◆ Exercise description
Your task is to extract the lines from the one holding "DSC_8876 | Pferde- und" through the end of the material. Set them down exactly and add nothing.

■ ■ ■

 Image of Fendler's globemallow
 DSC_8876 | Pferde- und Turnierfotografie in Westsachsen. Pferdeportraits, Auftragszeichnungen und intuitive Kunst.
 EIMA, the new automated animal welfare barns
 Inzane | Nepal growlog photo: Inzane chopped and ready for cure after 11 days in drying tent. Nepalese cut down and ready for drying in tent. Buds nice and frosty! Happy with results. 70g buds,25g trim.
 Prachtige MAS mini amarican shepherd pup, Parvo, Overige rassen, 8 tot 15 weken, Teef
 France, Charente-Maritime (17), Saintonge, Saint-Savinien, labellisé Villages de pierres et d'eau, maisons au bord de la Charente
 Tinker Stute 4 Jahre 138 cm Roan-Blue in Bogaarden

■ ■ ■

◆ Expected answer
 DSC_8876 | Pferde- und Turnierfotografie in Westsachsen. Pferdeportraits, Auftragszeichnungen und intuitive Kunst.
 EIMA, the new automated animal welfare barns
 Inzane | Nepal growlog photo: Inzane chopped and ready for cure after 11 days in drying tent. Nepalese cut down and ready for drying in tent. Buds nice and frosty! Happy with results. 70g buds,25g trim.
 Prachtige MAS mini amarican shepherd pup, Parvo, Overige rassen, 8 tot 15 weken, Teef
 France, Charente-Maritime (17), Saintonge, Saint-Savinien, labellisé Villages de pierres et d'eau, maisons au bord de la Charente
 Tinker Stute 4 Jahre 138 cm Roan-Blue in Bogaarden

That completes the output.